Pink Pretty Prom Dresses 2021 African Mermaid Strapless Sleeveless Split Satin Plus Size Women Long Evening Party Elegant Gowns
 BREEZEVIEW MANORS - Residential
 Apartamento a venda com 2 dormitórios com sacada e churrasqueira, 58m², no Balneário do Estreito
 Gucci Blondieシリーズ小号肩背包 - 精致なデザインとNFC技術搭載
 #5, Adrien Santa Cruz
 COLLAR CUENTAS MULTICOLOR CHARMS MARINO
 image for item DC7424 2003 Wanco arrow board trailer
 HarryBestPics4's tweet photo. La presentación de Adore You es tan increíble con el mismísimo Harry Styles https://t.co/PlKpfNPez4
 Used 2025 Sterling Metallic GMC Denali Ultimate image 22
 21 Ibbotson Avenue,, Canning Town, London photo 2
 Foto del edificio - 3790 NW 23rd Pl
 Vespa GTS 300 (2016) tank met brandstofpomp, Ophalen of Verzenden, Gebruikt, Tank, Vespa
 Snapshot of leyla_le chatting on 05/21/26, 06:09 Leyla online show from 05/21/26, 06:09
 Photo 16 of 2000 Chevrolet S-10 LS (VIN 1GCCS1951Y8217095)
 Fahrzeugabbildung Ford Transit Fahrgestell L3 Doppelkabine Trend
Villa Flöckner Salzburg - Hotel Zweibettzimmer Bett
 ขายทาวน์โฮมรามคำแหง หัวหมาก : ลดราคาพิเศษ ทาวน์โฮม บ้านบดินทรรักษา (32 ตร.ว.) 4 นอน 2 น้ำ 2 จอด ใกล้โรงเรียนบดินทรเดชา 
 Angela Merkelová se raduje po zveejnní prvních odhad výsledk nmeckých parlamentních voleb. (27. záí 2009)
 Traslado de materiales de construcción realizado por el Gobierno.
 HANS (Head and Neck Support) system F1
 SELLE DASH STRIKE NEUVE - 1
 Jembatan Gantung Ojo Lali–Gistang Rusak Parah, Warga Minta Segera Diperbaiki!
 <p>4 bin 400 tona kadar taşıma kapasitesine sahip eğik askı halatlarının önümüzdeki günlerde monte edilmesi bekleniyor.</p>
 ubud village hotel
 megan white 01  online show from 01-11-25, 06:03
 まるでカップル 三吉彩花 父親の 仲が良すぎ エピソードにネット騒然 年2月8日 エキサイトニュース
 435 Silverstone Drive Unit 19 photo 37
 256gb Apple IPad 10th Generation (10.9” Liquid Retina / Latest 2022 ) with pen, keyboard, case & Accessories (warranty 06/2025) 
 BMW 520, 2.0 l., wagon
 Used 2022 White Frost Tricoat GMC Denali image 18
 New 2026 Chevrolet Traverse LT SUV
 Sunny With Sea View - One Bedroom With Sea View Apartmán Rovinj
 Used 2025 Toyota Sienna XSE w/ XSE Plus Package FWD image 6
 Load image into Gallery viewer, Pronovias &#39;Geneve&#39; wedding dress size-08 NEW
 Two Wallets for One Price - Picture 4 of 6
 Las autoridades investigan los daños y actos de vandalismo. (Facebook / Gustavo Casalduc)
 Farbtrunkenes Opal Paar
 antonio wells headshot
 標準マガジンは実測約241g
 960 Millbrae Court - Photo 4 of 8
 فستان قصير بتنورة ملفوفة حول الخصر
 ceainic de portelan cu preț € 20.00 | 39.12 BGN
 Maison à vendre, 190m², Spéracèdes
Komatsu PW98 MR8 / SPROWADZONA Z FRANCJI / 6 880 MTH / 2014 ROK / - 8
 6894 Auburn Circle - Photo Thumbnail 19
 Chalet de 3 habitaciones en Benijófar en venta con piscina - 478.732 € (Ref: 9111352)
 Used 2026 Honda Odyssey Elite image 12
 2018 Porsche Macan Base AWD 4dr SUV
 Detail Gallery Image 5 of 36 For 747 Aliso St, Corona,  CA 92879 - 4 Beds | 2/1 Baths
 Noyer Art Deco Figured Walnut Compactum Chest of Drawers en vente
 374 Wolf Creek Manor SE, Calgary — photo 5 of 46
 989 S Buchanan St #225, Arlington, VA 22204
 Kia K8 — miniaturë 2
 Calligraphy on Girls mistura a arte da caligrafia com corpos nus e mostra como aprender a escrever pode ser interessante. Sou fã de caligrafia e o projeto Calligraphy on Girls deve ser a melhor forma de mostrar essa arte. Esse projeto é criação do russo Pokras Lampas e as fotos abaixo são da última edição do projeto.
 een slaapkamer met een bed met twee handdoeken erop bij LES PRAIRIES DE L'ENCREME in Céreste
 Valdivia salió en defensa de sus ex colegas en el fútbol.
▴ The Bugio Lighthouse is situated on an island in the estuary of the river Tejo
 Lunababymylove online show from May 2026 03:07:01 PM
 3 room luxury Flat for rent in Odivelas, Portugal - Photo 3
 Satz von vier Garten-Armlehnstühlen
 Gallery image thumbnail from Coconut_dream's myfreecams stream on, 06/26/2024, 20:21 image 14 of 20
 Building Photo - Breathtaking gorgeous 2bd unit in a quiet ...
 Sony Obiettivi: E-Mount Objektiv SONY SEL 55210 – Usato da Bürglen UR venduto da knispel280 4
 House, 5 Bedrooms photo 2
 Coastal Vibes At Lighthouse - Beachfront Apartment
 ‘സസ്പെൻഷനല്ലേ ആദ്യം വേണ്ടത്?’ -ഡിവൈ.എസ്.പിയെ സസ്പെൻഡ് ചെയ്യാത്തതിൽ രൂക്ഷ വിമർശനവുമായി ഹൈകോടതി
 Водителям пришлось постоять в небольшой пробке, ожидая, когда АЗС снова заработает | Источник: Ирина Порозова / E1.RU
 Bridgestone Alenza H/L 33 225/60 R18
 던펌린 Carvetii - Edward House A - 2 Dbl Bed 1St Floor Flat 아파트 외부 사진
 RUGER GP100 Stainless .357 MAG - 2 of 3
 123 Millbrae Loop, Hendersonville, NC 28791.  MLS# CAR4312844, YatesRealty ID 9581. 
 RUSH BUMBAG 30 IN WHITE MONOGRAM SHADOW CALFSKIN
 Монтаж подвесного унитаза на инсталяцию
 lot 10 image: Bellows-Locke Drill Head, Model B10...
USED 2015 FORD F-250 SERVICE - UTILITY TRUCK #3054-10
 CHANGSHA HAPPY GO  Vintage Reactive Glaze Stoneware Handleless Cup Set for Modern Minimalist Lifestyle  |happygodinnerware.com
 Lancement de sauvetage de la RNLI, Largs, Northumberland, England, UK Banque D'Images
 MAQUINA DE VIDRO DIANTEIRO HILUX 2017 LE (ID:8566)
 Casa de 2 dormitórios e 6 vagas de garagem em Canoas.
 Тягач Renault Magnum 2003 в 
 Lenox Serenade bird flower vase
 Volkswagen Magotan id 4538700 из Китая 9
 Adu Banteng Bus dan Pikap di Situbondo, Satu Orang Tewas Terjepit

● DIRECTIONS
The answer must be the lines from the one containing "Casa de 2 dormitórios" to the final line of the data above, copied exactly, both included, with nothing added.

● WRITTEN RESPONSE
 Casa de 2 dormitórios e 6 vagas de garagem em Canoas.
 Тягач Renault Magnum 2003 в 
 Lenox Serenade bird flower vase
 Volkswagen Magotan id 4538700 из Китая 9
 Adu Banteng Bus dan Pikap di Situbondo, Satu Orang Tewas Terjepit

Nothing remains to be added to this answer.